* WORK TASK:
Print exactly and only the lines that run from the one containing "fiendsatfeast towardsthebaphometsthrone" through the end of the material, please, omitting pictures.

* SOURCE MATERIAL:
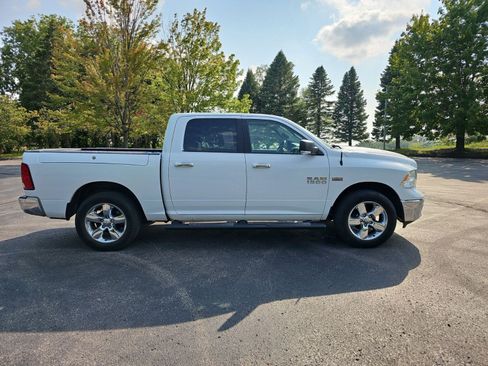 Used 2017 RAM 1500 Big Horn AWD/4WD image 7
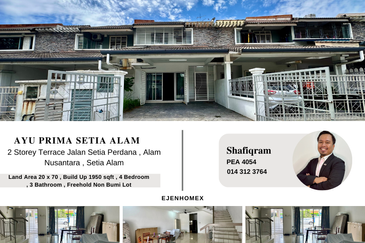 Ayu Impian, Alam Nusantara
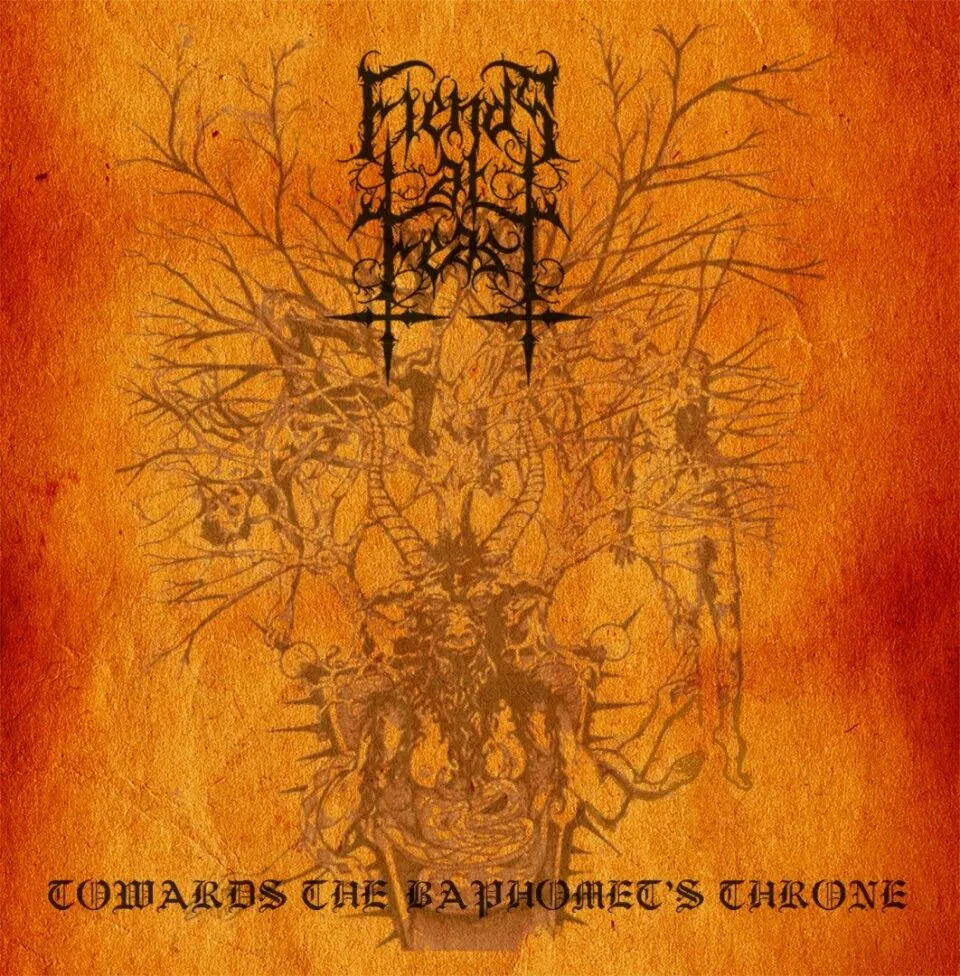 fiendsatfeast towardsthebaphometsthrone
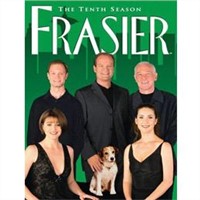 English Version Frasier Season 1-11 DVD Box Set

* OUTPUT FOR THIS EXERCISE:
 fiendsatfeast towardsthebaphometsthrone
 English Version Frasier Season 1-11 DVD Box Set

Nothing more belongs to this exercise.